BEIJING • China's economy expanded faster than expected in the second quarter, setting the country on course to comfortably meet its 2017 growth target and giving policymakers room to tackle big economic challenges ahead of key leadership changes later this year.
The boost to growth was in part driven by firmer exports and production, in particular steel, which could heighten trade tensions as both the United States and China begin economic talks this week.
China's gross domestic product (GDP) rose 6.9 per cent in the second quarter from a year earlier, the same rate as in the first quarter, the National Bureau of Statistics said yesterday.
Economic data from the second quarter has prompted a number of analysts to upgrade their GDP forecasts for China for 2017, although some moderation in growth is expected later this year as policymakers' efforts to rein in property and debt risks weigh on activity.
"In general, we expect GDP growth to remain robust in the second half but slower than in the first half, due to the high base," Citi economists said in a research note. "Looking ahead, uncertainty remains on investment and trade."
The robust data briefly helped China's major stock indexes recoup earlier losses, before retreating later in the session.
The second-quarter numbers put the economy on a strong footing to meet China's growth target of around 6.5 per cent this year, which would give policymakers room to defuse financial risks.
Rise in China's gross domestic product in the second quarter, from a year earlier.
While growth in the high-flying property sector has cooled this year, a rebound in exports after several years of decline has helped prevent any broader slowdown in China's economy.

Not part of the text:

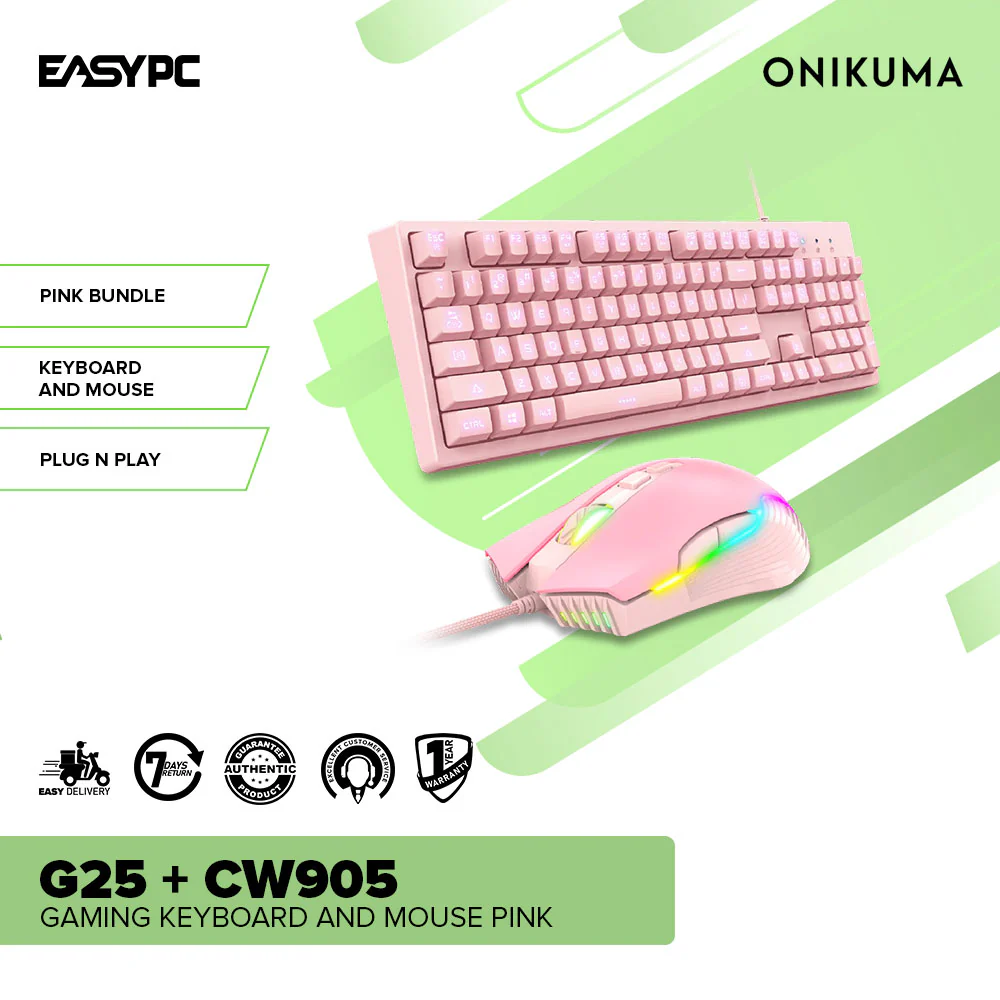 Onikuma G25 + CW905 Gaming Bundle Keyboard and Mouse Pink - Image 2
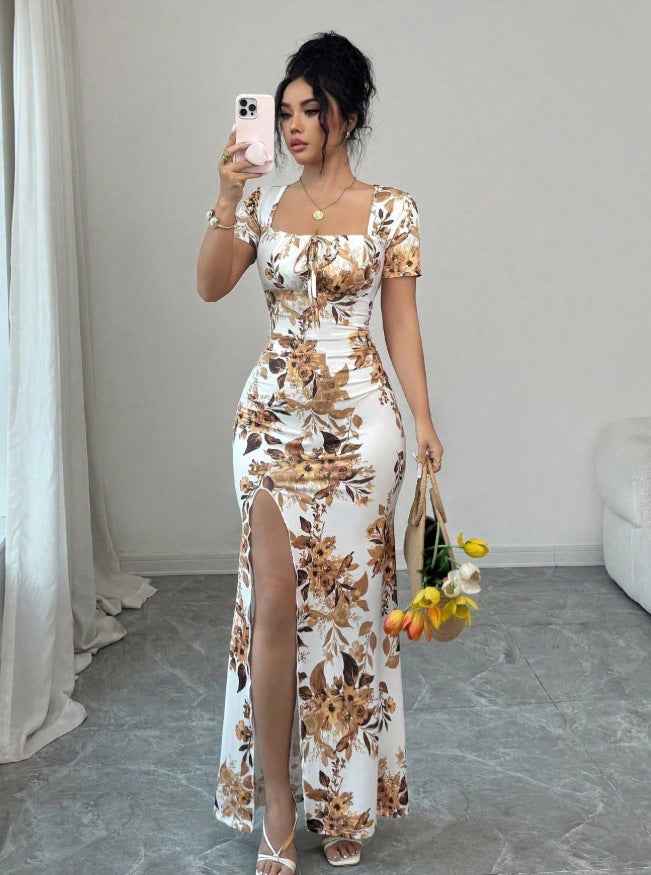 Womens Cinched-waist Fishtail Polka-dot Dress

Retail spending and factory output were also bright spots in the first half.
Retail sales growth picked up to 10.8 per cent in the second quarter from 10.0 per cent in the first quarter, a Reuters calculation based on official data shows.
Factory output also picked up in the second quarter, though the 6.9 per cent growth for the first half was only a slight pick-up from recent quarters.
The improving economy is no doubt welcome news ahead of a reshuffle of the top ranks of government at an autumn congress of the ruling Communist Party of China, with the leadership keen to ensure a smooth run-up to the meetings.
President Xi Jinping is widely expected to tighten his grip on power at the party congress, which could give him more clout to push through what analysts say are long overdue but painful reforms such as restructuring massive state firm debt.